Quais os principais planos?
O plano é crescer, oferecendo serviços ainda melhores aos nossos clientes. A estrutura de comando e a operação do ABC seguem iguais. Estamos focados na consolidação da cultura ABC, que agora ganha mais relevância ainda. O Omnicom não comprou um conjunto de agências, mas uma forma de fazer as coisas, que eu e Guga lideramos, mas que está sendo impregnada em todos os talentos de nosso grupo por meio da cultura ABC, uma cultura de federação, que respeita as particularidades de cada estado.

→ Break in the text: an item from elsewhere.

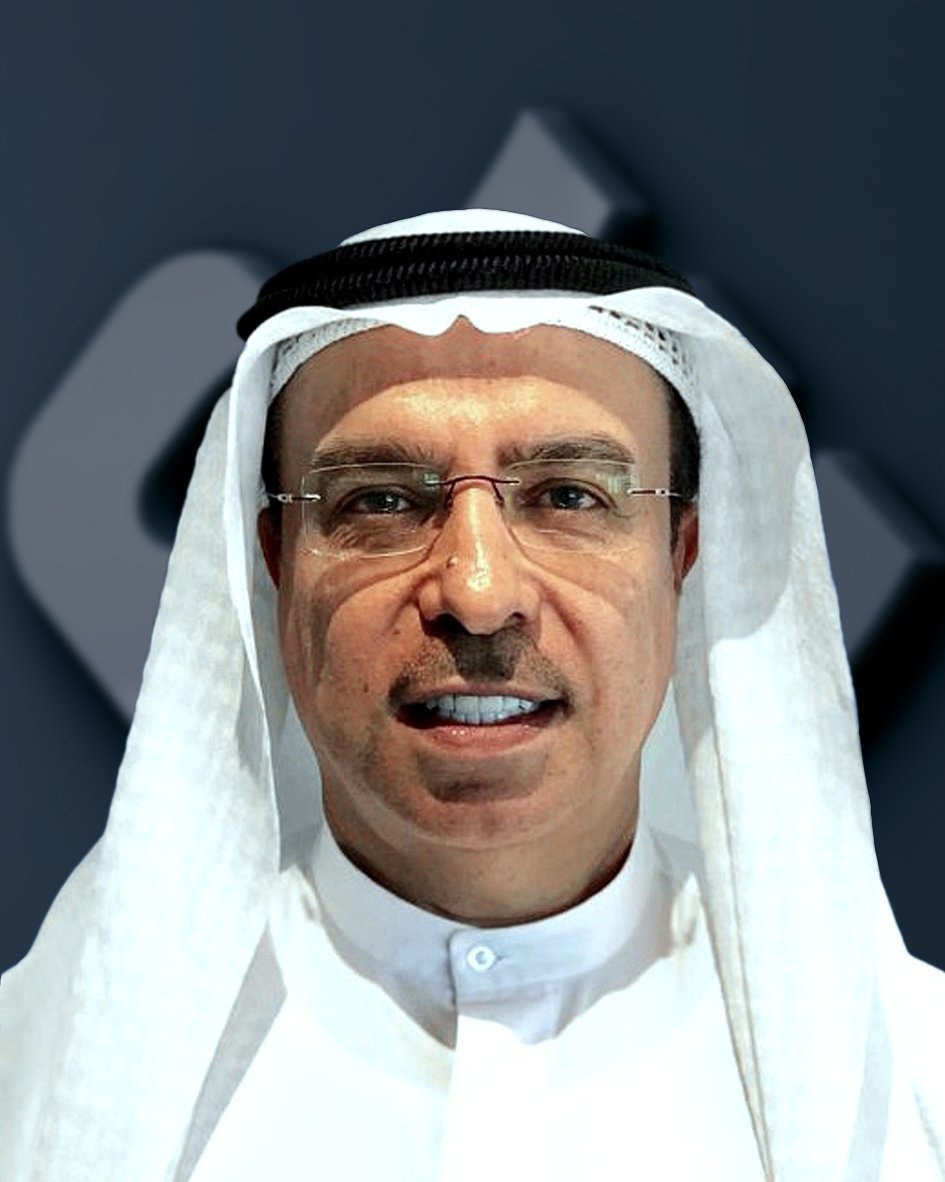 Chairman - Khalid Kalban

Esse acordo se resume aos cinco anos do contrato firmado?
Eu estou muito animado. Cinco anos foi a data mínima estabelecida no contrato. Mas eu não penso dentro dessa caixinha temporal. Penso em tudo o que podemos fazer agora dentro do Omnicom. As possibilidades são enormes. Estou muito animado e feliz. Nosso contrato de ficar na DM9 era de 2 anos e estamos com ela há 18.

O relacionamento com o Omnicom foi levado em conta na escolha, afinal outros grupos estavam interessados na absorção do ABC?
Nossa relação, que já dura 18 anos, com o Omnicom foi fundamental. O Guga tem ótimo relacionamento com o John Wren, e eu, com todos os monstros criativos do grupo. Estamos acostumados e felizes em trabalhar com eles. É parecido com um casal que vive junto há muitos anos e então decide se casar.

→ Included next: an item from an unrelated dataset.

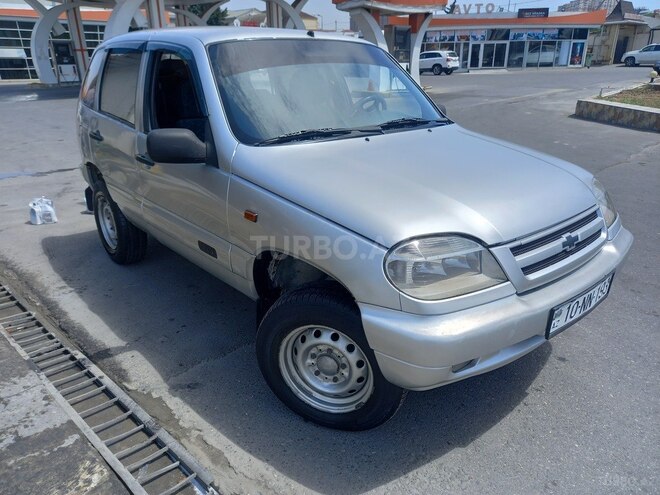 Chevrolet Niva 2005, 300,000 km - 1.7 l - Bakı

Quais valores o Omnicom pode agregar ao ABC nessa nova fase, sobretudo pela economia brasileira não permitir uma desenvoltura maior dos grupos nacionais na consolidação de novos investimentos?
O Omnicom abre portas do mercado global e do conhecimento para nossas empresas. Num momento de disrupção tecnológica, eles estão na ponta das transformações. Têm empresas fantásticas da área digital, por exemplo, com as quais poderemos aprender muita coisa. Vamos fazer um seminário Omnicom no começo de 2016 para o ABC. E menos de uma semana depois do deal, nossas agências já estão sendo chamadas para concorrências internacionais.

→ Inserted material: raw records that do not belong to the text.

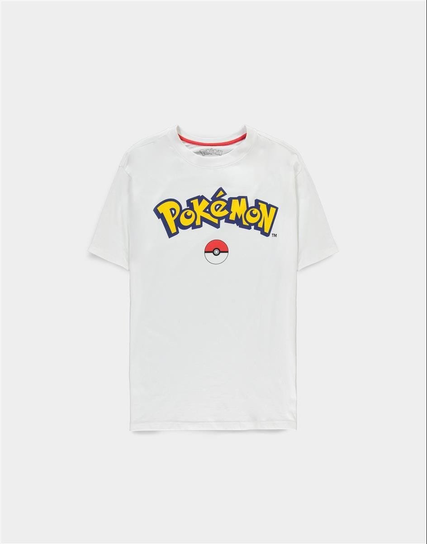 koszulka POKÉMON - LOGO CORE-M Inna marka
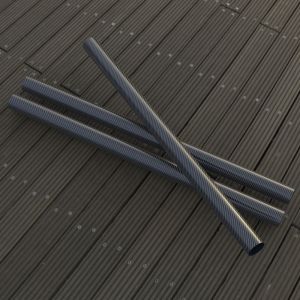 3K Matt Glossy Carbon Fiber Tube 12mm OD X 8mm 10mm 11mm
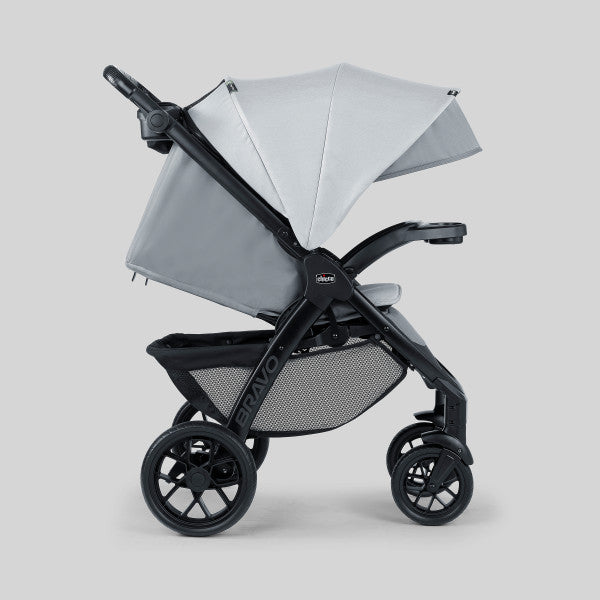 Chicco Bravo LE ClearTex Trio Travel System - Atlas- Strolleria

Poderia explicar a cultura ABC e como ela pode ser cognitiva ao Omnicom e sua rede?
A nossa cultura é inspirada em Bill Bernbach, o “pai da publicidade moderna”. É uma cultura dedicada aos clientes, criatividade eficaz e pessoas que têm atitude de dono em suas empresas. Somos um grupo com mais de 2.500 donos.

O Omnicom permite a você e aos executivos do ABC carreiras internacionais?
Meu foco é no Brasil, mas o Brasil globalizado. Temos aqui uma escala e uma competência que nos permite abrir portas pelo mundo, mas focado no Brasil. A associação com o Omnicom nos tornou globais.

O ABC vai poder participar de forças tarefas globais para decisões estratégicas e também formar grupos globais aqui no Brasil para projetos especiais?
Sim, como já é de praxe, na DM9.

Como você vê o modelo brasileiro?
Fantástico. Uma vez estava discutindo com o Martin Sorrell, do WPP, concorrente que admiro, sobre o nosso modelo. Ele defendia o modelo internacional e eu rebati dizendo que o nosso é como a mão inglesa. Ela só existe na Inglaterra, mas isso não significa que esteja errada.